How to control weeds

‘One year's seed is seven year's weed’, or so the saying goes, so the most important thing an organic gardener (and non-organic gardener for that matter) can do is prevent weeds from flowering and setting seed. A horrifying example of this is chickweed, where one plant can produce 15,000 seeds a year. The best thing to do is deny them the opportunity to get a foothold in your garden in the first place. There are several techniques you can employ to do this.

Preventing. Mulching is one of the best ways to stop weeds. A thick layer of home-made, well-rotted compost or specially bought loose organic mulch such as bark chips, stops weeds by providing a barrier through which light cannot pass. Put down the mulch while the soil is moist and before the first weeds begin to emerge in spring. If the weeds have already sprouted, they have more chance of pushing up through the mulch. If the soil is already planted with trees and shrubs use low-growing, mat-forming plants, such as vinca (periwinkle) and pulmonaria (lungwort), to cover the ground. Also, use neat edging plants, such as pachysandra, to provide a permanent cover around beds and borders. I’m a firm believer in mulching – not only does it keep down weeds by its physical presence, but it also keeps plant roots moist and encourages them to grow better and do their own bit to triumph over weeds.
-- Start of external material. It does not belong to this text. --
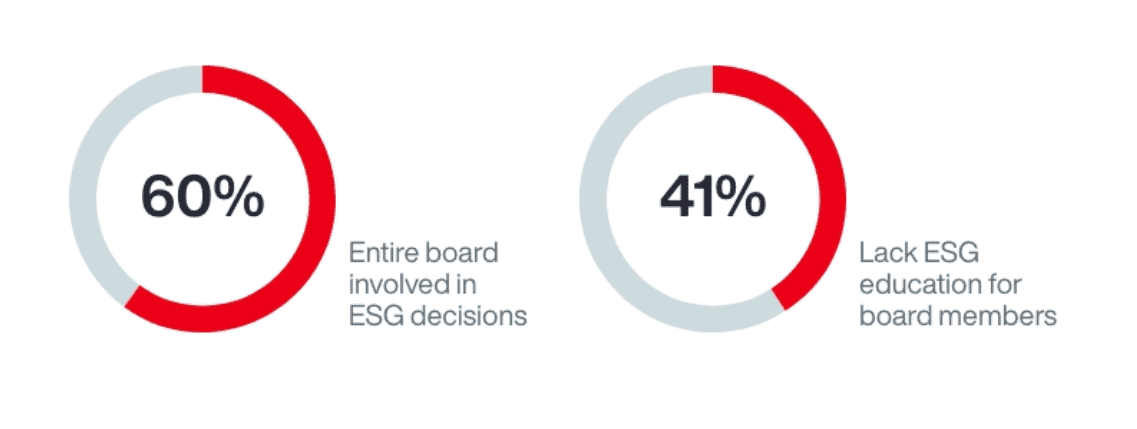 2022 Asia Pacific Corporate Governance and ESG Survey Results 3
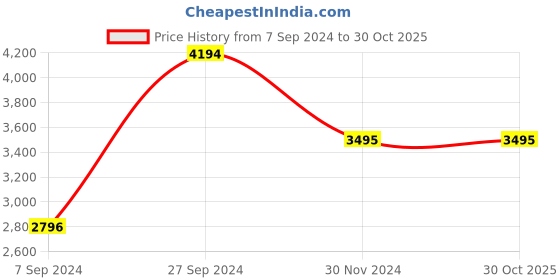 tatacliq.com Kazo Brown Overcoat kazo Price History Graph from 7 Sep 2024 to 29 Oct 2025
Controlling weeds. Hoeing is the best way to control annual weeds and should be carried out regularly on un-mulched ground to prevent them flowering and setting seeds. Hoe when the weather is dry and warm so that the weeds die and any weed seeds brought to the surface don’t germinate. Digging is the best way of removing perennial weeds on vacant ground. However, they can be suppressed using a layer of thick black plastic or old hessian-backed carpet under a decorative mulch to provide a very dense mat they cannot push through. It may take several years to kill them off completely.